I have /usr/src on a roughly 220Mb partition (I think); this contains the
i386 sources plus the Mac and Amiga sources (I build only the i386, though),
the XFree86 sources, and the objects (/usr/obj is a symbolic link to
/usr/src/obj).  I can build all of NetBSD, with some room to spare, if I've
remembered to do a "make clean" under XFree86.

> Also any hints on how to install after rebuild on a running system
> would help.  With the binary snapshots, I've just been moving dirs out
> of the way and untarring from scratch to avoid any problems with
> zorching current processes and done okay (I am backing up, it's just I
> only have one system right now).  This has worked okay for me for now...
> but working from the src tree will be a bit different, no?
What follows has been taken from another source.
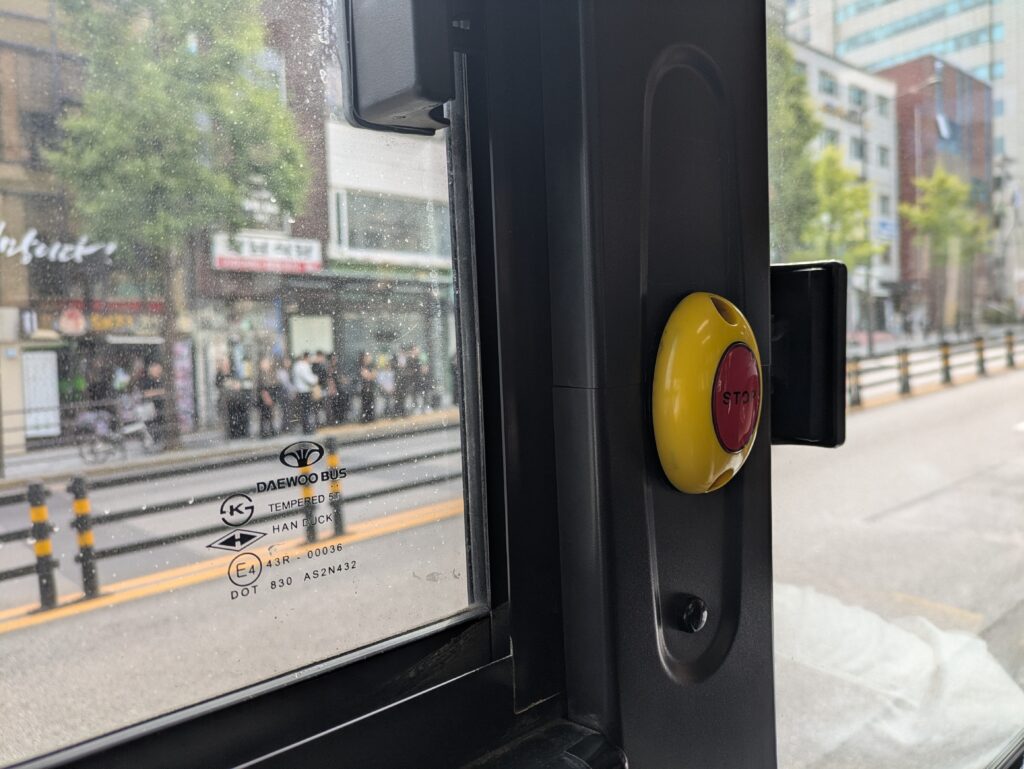 ソウルバスの車内ボタン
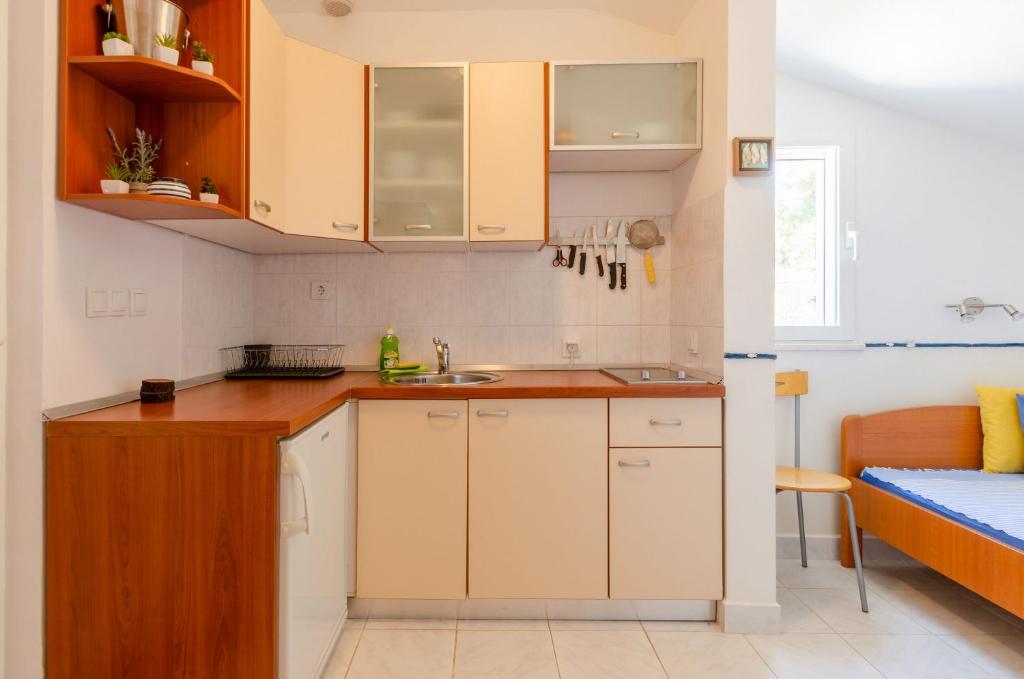Kuchyňa alebo kuchynka v ubytovaní Namoru apartaments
Yes and no; if you install a recent source over ancient sources, you wind
up with lots of confusion due to files that have moved.  However, you don't
wind up killing running processes by overwriting their source :-).  I
generally preserve things I've changed (especially my kernel config file!),
then "rm -rf" the installed sources and re-install the new sources from tape.
Unless you make massive changes, you don't need to preserve the old sources
en masse.

One wrinkle:  once you start using shared libraries, you must be extremely
careful about new builds (unless you wait long enough that the major number
increments :-); if you install a miscompiled shared libc.so that your
existing binaries attempt to use, you cease to have any fun at all in a
hurry.  Make a tar of /usr/lib/lib* on floppy just in case (and compile a
copy of tar statically linked!).  (If you have waited long enough between
libc changes, your existing programs searching for libc.so.3.x will ignore
libc.so.4.0, so you're safe until you overwrite your installed binaries.
Test a few things before typing "make install"!).